Despite not being outwardly productive in recent times, I’ve been quietly plotting some new work. In addition to this, I’ve also been fortunate that the work I started during my MA has continued to generate discussion and act as an opening to new opportunities.
One of these opportunities came as the result of some images from ROITD being selected to be shown in the first exhibition of Shutter Hub’s ambitious new project. Postcards From Great Britain aims to share visions of British culture through photographic images and promote connection and debate. The images include social, political, observational, historical and traditional responses and when the project finally closes, at the end of this year, the submitted work in its entirety will be archived and housed in various significant collections worldwide.
The project will be punctuated with exhibitions throughout Europe, the first of which opened this week and a happy coincidence of my work schedule allowed me to nip over to Haarlem, just outside Amsterdam, to attend the exhibition opening. It was good to be there and I was happy to be able to meet a number of the other exhibiting artists and discuss how they work. These connections stimulated a couple of promising avenues for future exploration and possible collaboration and I’ll expand on this in future updates.
Apart from enjoying the short break for the opportunity to see the exhibition, I was also able to get out for a quick photo walk and the mental space of being away also allowed me to continue planning for the main focus of this year, which will be an exhibition of my own work in collaboration with selected artists, later this year.
My own research for this is ongoing: I recently finished reading Catch by Simon Robson. The book centres around Catharine (referred to as Catch by her husband), a wife alone at home on a winter’s day while her husband works away in Birmingham. She is bored, self-critical, over analytical, aloof, over-serious, frustrated by a lack of musical talent, envious of other more frivolous/artistic/bohemian people, embodied in this case by her friend Masha.
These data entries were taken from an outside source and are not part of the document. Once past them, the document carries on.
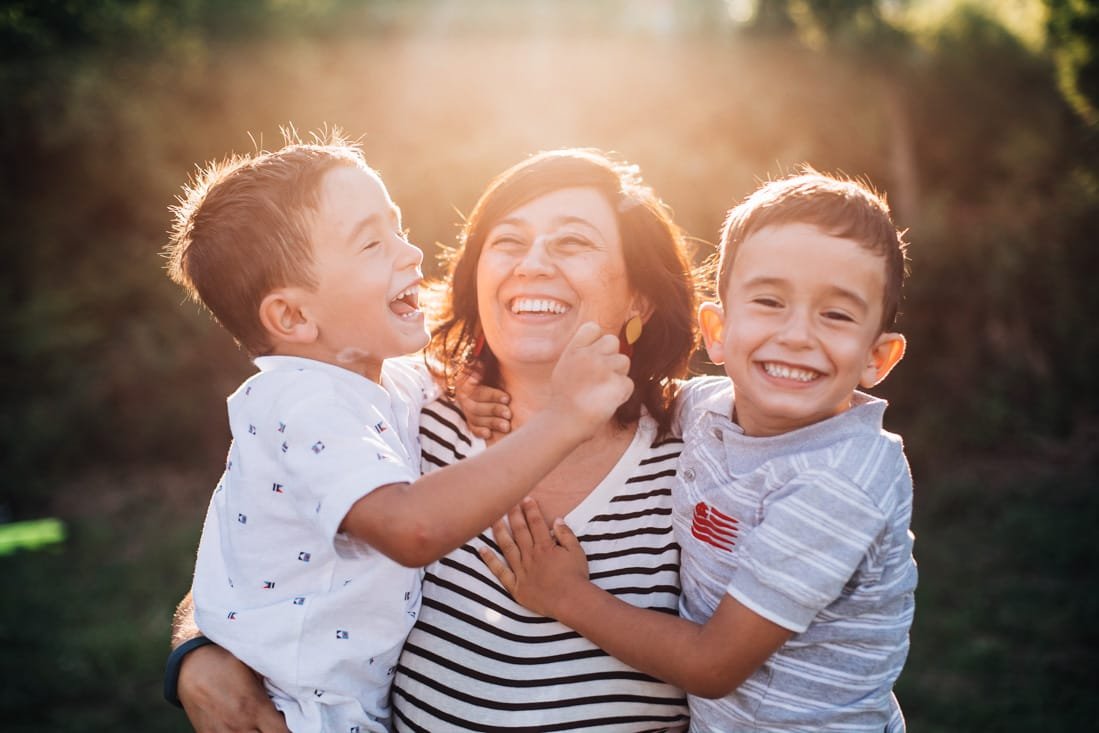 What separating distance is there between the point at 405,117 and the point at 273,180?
855cm

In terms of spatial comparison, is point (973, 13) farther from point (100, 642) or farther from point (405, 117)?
point (100, 642)

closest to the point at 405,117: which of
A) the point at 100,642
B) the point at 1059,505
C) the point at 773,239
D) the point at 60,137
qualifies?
the point at 60,137

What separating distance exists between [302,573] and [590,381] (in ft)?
2.53

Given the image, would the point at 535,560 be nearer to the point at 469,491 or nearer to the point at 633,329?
the point at 469,491

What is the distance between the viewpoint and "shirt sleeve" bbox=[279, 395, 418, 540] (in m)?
1.74

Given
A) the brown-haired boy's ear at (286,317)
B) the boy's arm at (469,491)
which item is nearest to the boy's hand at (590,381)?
the boy's arm at (469,491)

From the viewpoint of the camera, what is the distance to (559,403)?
6.07 ft

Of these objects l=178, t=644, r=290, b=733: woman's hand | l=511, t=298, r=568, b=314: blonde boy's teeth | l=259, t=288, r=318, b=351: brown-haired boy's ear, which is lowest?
l=178, t=644, r=290, b=733: woman's hand

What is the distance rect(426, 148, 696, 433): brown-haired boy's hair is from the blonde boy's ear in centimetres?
39

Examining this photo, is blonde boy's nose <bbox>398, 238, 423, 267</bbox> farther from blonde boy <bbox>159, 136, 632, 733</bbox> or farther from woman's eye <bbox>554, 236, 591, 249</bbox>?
woman's eye <bbox>554, 236, 591, 249</bbox>

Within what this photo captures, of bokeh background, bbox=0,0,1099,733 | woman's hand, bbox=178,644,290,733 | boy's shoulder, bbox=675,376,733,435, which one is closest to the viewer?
woman's hand, bbox=178,644,290,733

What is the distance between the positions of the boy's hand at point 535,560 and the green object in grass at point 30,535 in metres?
5.76

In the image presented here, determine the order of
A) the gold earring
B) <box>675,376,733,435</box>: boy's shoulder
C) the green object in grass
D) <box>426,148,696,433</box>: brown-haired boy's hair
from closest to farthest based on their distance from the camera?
1. <box>675,376,733,435</box>: boy's shoulder
2. <box>426,148,696,433</box>: brown-haired boy's hair
3. the gold earring
4. the green object in grass

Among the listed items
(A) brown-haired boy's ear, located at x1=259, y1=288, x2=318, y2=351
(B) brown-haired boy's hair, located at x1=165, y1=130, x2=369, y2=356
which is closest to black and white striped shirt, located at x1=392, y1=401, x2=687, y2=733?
(A) brown-haired boy's ear, located at x1=259, y1=288, x2=318, y2=351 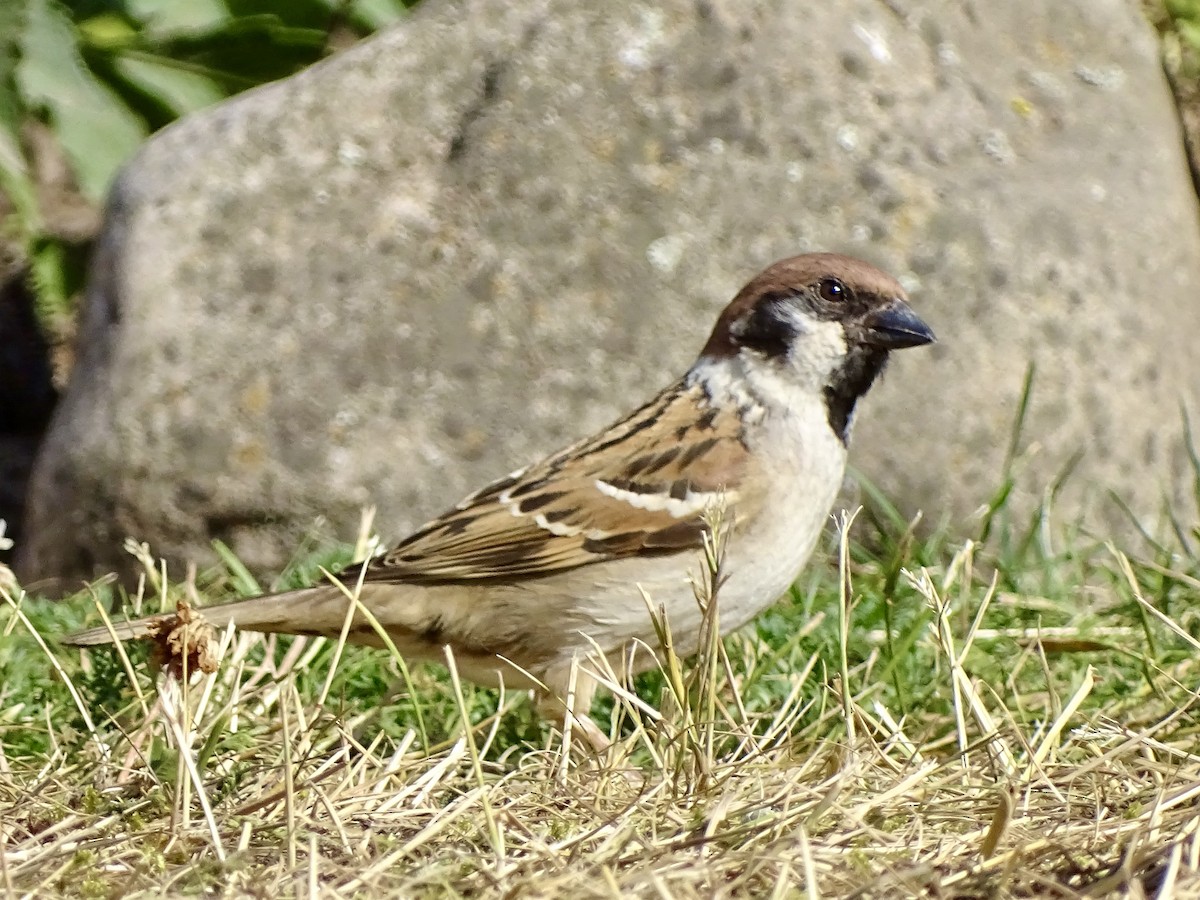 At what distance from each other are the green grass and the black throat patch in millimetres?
296

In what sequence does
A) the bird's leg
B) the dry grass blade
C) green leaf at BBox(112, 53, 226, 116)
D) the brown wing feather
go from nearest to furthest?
the dry grass blade → the bird's leg → the brown wing feather → green leaf at BBox(112, 53, 226, 116)

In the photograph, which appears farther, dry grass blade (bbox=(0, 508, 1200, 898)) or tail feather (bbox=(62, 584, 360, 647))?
tail feather (bbox=(62, 584, 360, 647))

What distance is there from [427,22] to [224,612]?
218cm

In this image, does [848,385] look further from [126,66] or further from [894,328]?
[126,66]

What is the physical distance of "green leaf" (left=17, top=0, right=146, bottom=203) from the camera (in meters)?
4.30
She is also, evidently, dissatisfied by her inability to have a child with her husband Tom.
The writing is often overly elaborate, to the detriment of the narrative and the revelation of character. However the author still manages to depict an unraveling, a sense of quite rapidly losing touch with oneself and the certainty of circumstances that previously anchored you in place. Catharine quickly loses touch with her sense of self, caught up in an accelerating cycle of thoughts, careering towards the dissolution of her marriage, the destruction of her longstanding friendship with Masha and to the relinquishing of her sanity, triggered by innocuous events such as a conversation with a disaffected teenager in the village and some low level flirting with a retiree.
This feeling of being captive to self-destructive thoughts, apparently founded on ‘fact’ that one is mistakenly convinced of, felt very familiar. This negative feedback spiral can be a very lonely place, where you feel increasingly hopeless, convinced of the futility and finality of everything, and almost unable to listen to reason. This is something I will be exploring in the work that I plan to show later this year.